The castle smothered her. Stone walls pressing in, shadows heavy, silence thicker than sleep. Seraphine should have been lying beside her husband, but Alaric snored across the silken sheets, reeking of wine, his touch still lingering on her skin like poison. When he had reached for her earlier, his hand had blistered faintly—he cursed, confused, never suspecting that it was not his wine that burned him, but something in her.
Restless, unable to breathe beneath the weight of her marriage bed, Seraphine wandered the lower halls.
The further she descended, the stronger the pull. Like a thread tugging at her veins, guiding her into the castle’s belly. The torches dimmed, shadows deepened, until she reached a chamber where iron chains glimmered faintly against the dark.
And then she saw him.
The prisoner. The knight.
He sat against the wall, manacled, but there was nothing submissive about him. He was carved from storm and shadow, cold power coiled even in stillness. His eyes, when they lifted to hers, were sharper than steel.
For a heartbeat, Seraphine forgot how to breathe.
“Who are you?” she whispered.
His voice was low, edged with disdain. “No one. A blade Alaric keeps on a leash.”
Something in the way he said Alaric sent a shiver through her.
But before she could stop herself, she spoke. “I am Seraphine. Alaric’s wife.”
The silence that followed was suffocating.

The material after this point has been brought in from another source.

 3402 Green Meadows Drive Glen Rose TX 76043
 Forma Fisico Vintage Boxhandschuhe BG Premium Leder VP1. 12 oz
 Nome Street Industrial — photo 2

Lucian went rigid. His jaw clenched, his gaze cutting through her as though he could flay the truth from her skin. A muscle in his cheek twitched, and when he finally spoke, his voice was raw, broken glass wrapped in ice.
“You… belong to him.”
The way he said it made her chest tighten. Not a question. A curse.
The chains rattled as his fists tightened, veins straining against iron. For an instant, the air itself seemed to crackle—power sparking like a storm desperate to break free. Then he exhaled sharply, forcing it down, as though burying his own fury.
“You should leave,” he said, voice colder now, hollow where it had once been sharp. “If you are his, then you are poison to me. Do not come here again.”
But his eyes betrayed him. Beneath the frost, something fractured—something she had not meant to wound.
Her lips trembled as though the name itself was a crime.
“Lucian…”
The sound hung in the air, soft but sharp as a blade.
And something inside him snapped.
His chains rattled violently, the iron glowing faintly as a surge of power tore through his veins. For the first time in years, he felt the echo of strength that had been stolen from him—the cold fire of his magic sparking like lightning under his skin.
Lucian froze, his chest rising and falling unevenly. He hadn’t felt this alive since before the cursed oath. Not since before Alaric bound him like a dog.
His eyes lifted to hers—brighter, fiercer now, like storms breaking open.
“What have you done?” His voice was low, dangerous, almost reverent.
Seraphine staggered back, startled by the sudden flare of power that seemed to bleed from him, pressing against her skin like heat and frost at once. “I—I don’t…” Her voice faltered. She didn’t understand.
But he did. Somewhere in the marrow of his bones, he knew. Her presence, her voice, her name on her lips—it fed him. Breathed strength into him where there had been none.
And yet… she was Alaric’s.
Lucian’s body trembled, not from weakness, but from the cruel, senseless torment of fate. The woman who could free him—the woman who gave him strength—was chained to the very man who caged him.
His hands clenched until blood beaded against his palms, forcing himself to swallow the truth clawing at him. Hope and despair warred in his chest, shredding him apart.
“Go,” he rasped finally, though his voice broke on the word. “Leave me to my chains before you destroy me.”
But even as he said it, he knew: she already had.